Modern electronic devices and electrified vehicles rely heavily on the use of Li-ion batteries. A battery with a solid electrolyte would be a safer alternative to current Li-ion technologies utilizing organic liquid electrolytes. The stuffed lithium garnet with the nominal composition of Li7La3Zr2O12 (LLZO) is of great interest in as a solid electrolyte owing to its stability against metallic lithium and lithium ionic conductivity of over 5x10-4 S/cm.

An approach for tape casting and sintering of substituted Li7La3Zr1.75Nb.25Al.1O12 (LLZNbO) sheets suitable for use in solid state battery development is described. The use of Li3BO3 as a sintering aid in both pellet and cast tape samples is examined. 150-175 micron thick LLZNbO +0.5% Li3BO3 tapes sintered at 1000oC for 6 hours exhibited ionic conductivity values of 2-3x10-4 S/cm.

Sintering of tape cast LLZNbO sheets at 1050oC without mother powder covering at low levels of lithium loss is performed. The addition of 3%wt. of nano-sized MgO is found to increase sintered tape sheet and pellet density while restricting grain growth and promoting a more homogeneous microstructure. Pellets of LLZNbO with 3%wt. MgO demonstrate density of up to 94% of theoretical and ionic conductivity of 3.6x10-4 S/cm.

The addition of an interfacial layer of zinc was found to promote wetting of the LLZNbO surface but its impact on a Li/LLZNbO/Li cell’s interfacial resistance and critical current density was indeterminate. The quality of the Li/LLZNbO interface is found to be the most important factor in determining the critical current density (CCD) of a symmetric cell in pellet studies with higher interfacial resistivity predicting low CCD.

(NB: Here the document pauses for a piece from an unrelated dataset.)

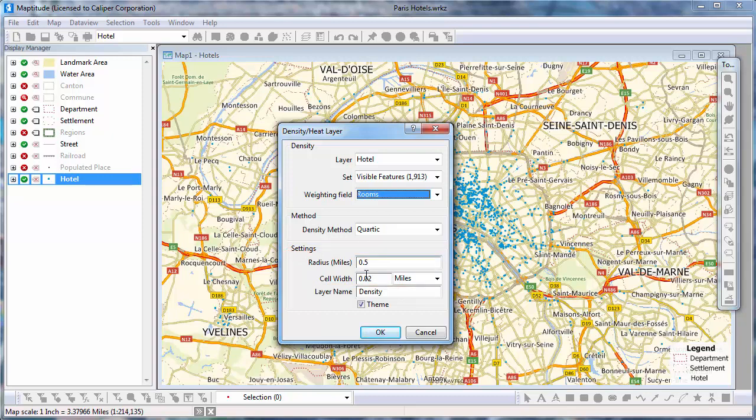Also, by keeping the theme box checked, the density grid will automatically display with a color theme illustrating the results.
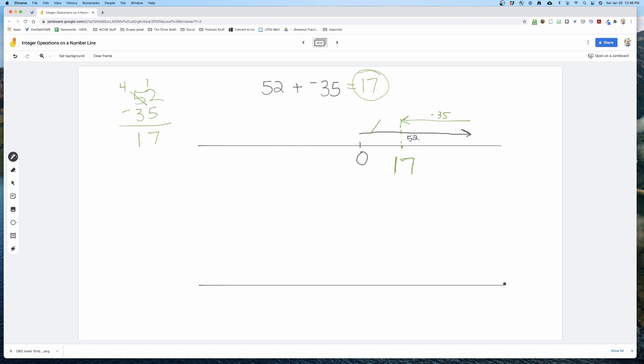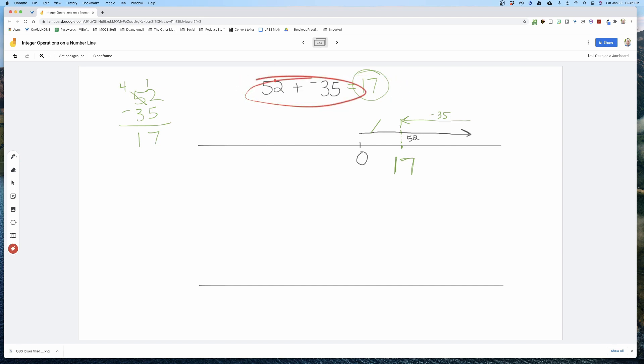I'm using big numbers intentionally to demonstrate there's no way we'd ever expect students to use literal chips for this. The chip model really starts to fall apart very soon. We want to avoid the chip model and all these other metaphors and go straight to the number line model, because it's highly effective and very flexible with both small and large numbers.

Interaction between LLZNbO and several cathode materials, including LiCoO2, is observed at temperatures of >900oC required for co-sintering of a composite cathode. A process for attaching a LiCoO2 cathode to a sintered LLZNbO sheet through the melting of Li3BO3 is proposed. LiCoO2 is, however, found to undergo reduction during annealing in an argon atmosphere at the required temperatures.

Finally, several recommendations are made for implementing a solid-state battery with an LLZNbO electrolyte along with avenues for improving the electrode/electrolyte interfaces and the properties of the electrolyte itself.